- _Task prompt_:
Locate the line bearing "Canada Turquie Drapeau" in the material below, then reproduce it and each following line up to and including the line bearing "Calvin Klein, Damen, Lederg&uuml;rtel".
*** Opening of Records ***
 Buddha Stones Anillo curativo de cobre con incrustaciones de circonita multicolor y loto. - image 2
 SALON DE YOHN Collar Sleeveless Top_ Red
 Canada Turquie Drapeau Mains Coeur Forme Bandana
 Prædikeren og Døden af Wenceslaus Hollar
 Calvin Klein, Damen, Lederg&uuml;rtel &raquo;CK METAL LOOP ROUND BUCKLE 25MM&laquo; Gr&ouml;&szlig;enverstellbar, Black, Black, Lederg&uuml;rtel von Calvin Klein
*** Close of Records ***
*** Opening of Records ***
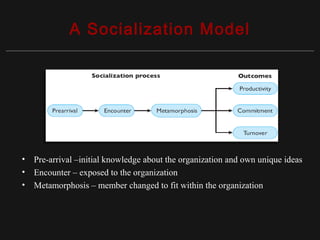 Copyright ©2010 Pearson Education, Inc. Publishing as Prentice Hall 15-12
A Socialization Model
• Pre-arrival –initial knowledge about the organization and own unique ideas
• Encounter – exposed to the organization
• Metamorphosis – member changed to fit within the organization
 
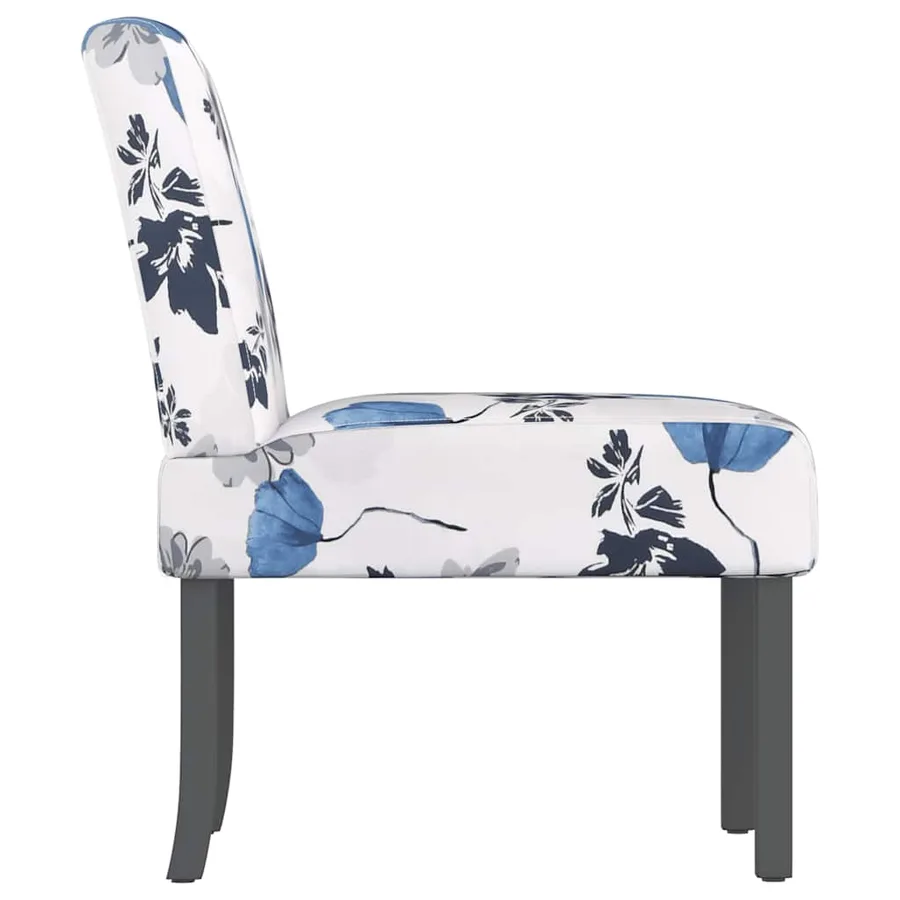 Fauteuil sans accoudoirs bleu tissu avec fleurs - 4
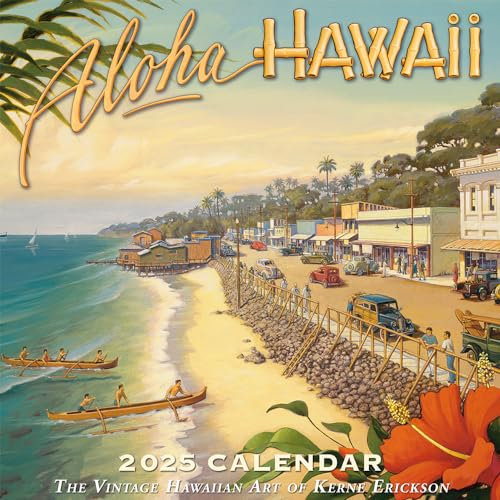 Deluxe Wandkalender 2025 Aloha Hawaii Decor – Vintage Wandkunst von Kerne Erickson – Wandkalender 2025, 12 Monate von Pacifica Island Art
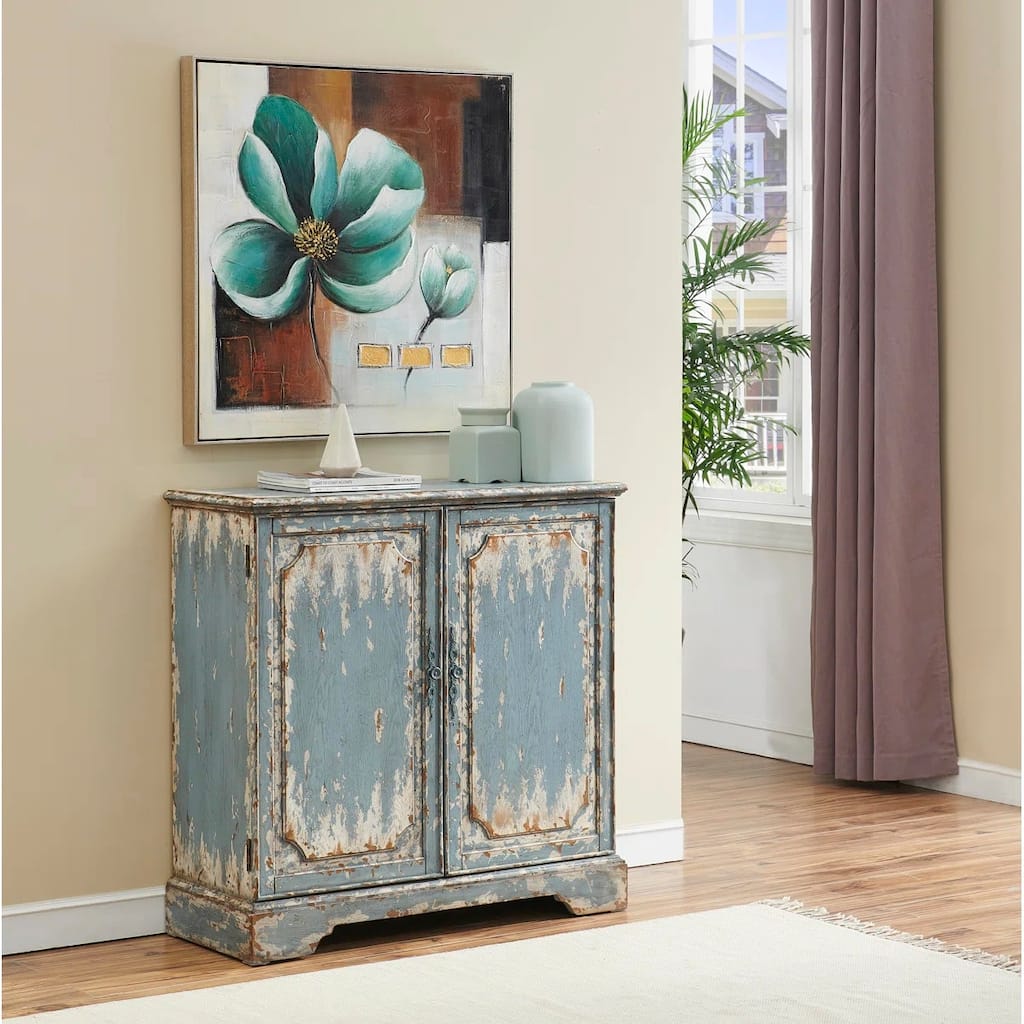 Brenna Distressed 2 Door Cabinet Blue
*** Close of Records ***
*** Opening of Records ***
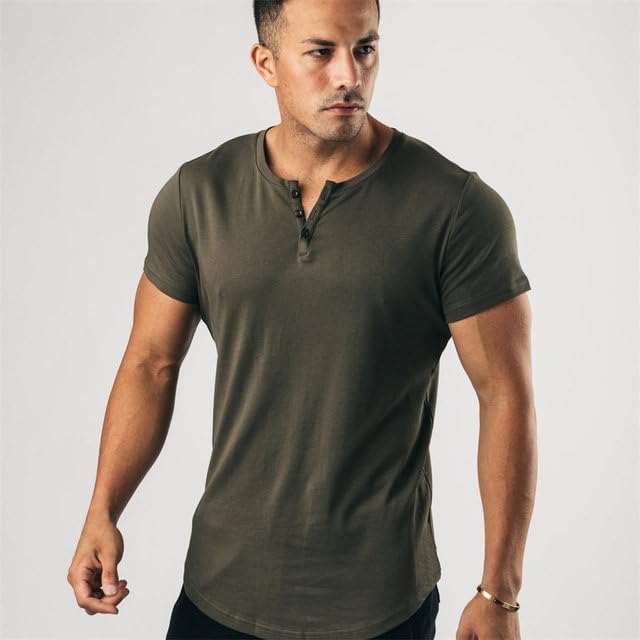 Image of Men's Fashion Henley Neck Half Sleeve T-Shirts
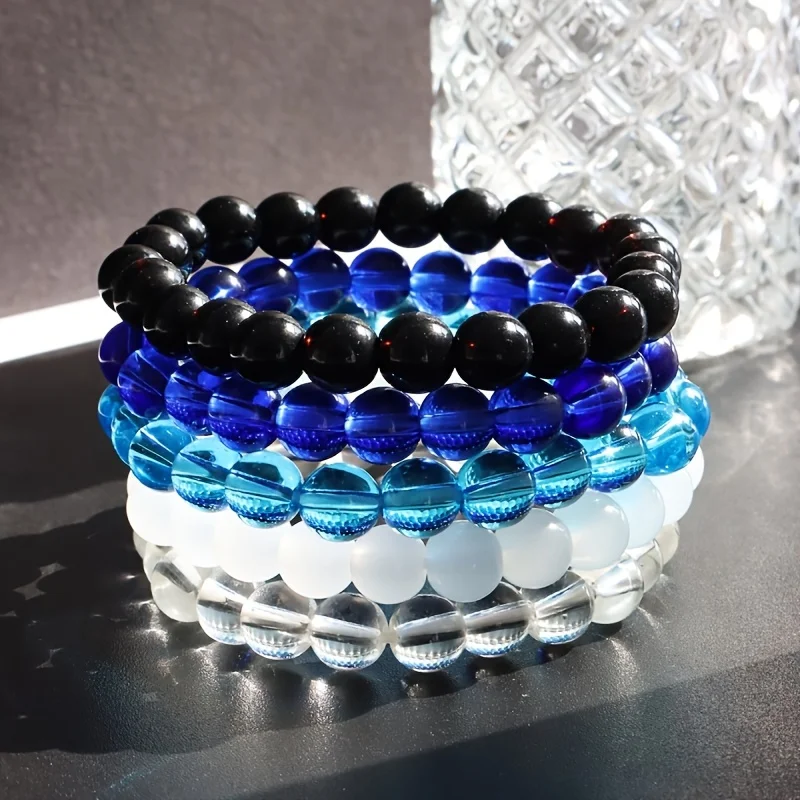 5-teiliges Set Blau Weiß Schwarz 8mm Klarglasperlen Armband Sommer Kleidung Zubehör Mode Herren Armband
*** Close of Records ***
- _Exercise result_:
 Canada Turquie Drapeau Mains Coeur Forme Bandana
 Prædikeren og Døden af Wenceslaus Hollar
 Calvin Klein, Damen, Lederg&uuml;rtel &raquo;CK METAL LOOP ROUND BUCKLE 25MM&laquo; Gr&ouml;&szlig;enverstellbar, Black, Black, Lederg&uuml;rtel von Calvin Klein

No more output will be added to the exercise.